[Records excerpted from a collection]
○ ○ ○ ○

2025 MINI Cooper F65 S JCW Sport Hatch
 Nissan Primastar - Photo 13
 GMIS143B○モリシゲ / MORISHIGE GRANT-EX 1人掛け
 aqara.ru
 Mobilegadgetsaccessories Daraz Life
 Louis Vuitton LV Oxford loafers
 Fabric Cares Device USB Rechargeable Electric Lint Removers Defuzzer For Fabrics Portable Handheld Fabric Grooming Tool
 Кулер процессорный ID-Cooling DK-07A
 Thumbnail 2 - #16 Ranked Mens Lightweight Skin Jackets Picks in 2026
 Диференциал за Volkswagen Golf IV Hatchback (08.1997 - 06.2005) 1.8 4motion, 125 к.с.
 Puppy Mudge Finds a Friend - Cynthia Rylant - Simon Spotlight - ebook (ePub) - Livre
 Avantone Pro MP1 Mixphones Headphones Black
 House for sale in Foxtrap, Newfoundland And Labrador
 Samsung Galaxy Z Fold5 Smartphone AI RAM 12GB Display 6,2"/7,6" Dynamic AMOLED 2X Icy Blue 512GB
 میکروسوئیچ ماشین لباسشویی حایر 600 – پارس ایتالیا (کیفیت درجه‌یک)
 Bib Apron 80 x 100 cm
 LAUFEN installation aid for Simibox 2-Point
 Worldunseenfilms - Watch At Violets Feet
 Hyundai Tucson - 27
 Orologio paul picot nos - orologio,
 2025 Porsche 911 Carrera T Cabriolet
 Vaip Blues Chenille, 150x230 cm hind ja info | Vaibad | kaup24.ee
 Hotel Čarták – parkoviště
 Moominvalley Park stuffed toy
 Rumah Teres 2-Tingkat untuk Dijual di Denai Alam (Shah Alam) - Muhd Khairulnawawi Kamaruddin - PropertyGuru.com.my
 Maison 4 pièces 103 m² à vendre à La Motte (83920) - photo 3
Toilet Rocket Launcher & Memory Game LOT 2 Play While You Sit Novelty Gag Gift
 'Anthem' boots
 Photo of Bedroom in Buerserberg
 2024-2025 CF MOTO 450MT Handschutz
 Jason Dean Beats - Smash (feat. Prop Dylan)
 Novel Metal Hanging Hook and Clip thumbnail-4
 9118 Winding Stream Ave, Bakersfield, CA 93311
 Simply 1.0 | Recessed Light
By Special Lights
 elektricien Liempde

○ ○ ○ ○

[What you will do]
From the entries above, write out only the lines starting at the line that holds "Bib Apron 80 x 100 cm" and ending at the line that holds "Novel Metal Hanging", keeping both and matching them exactly.

[Response to this exercise]
 Bib Apron 80 x 100 cm
 LAUFEN installation aid for Simibox 2-Point
 Worldunseenfilms - Watch At Violets Feet
 Hyundai Tucson - 27
 Orologio paul picot nos - orologio,
 2025 Porsche 911 Carrera T Cabriolet
 Vaip Blues Chenille, 150x230 cm hind ja info | Vaibad | kaup24.ee
 Hotel Čarták – parkoviště
 Moominvalley Park stuffed toy
 Rumah Teres 2-Tingkat untuk Dijual di Denai Alam (Shah Alam) - Muhd Khairulnawawi Kamaruddin - PropertyGuru.com.my
 Maison 4 pièces 103 m² à vendre à La Motte (83920) - photo 3
Toilet Rocket Launcher & Memory Game LOT 2 Play While You Sit Novelty Gag Gift
 'Anthem' boots
 Photo of Bedroom in Buerserberg
 2024-2025 CF MOTO 450MT Handschutz
 Jason Dean Beats - Smash (feat. Prop Dylan)
 Novel Metal Hanging Hook and Clip thumbnail-4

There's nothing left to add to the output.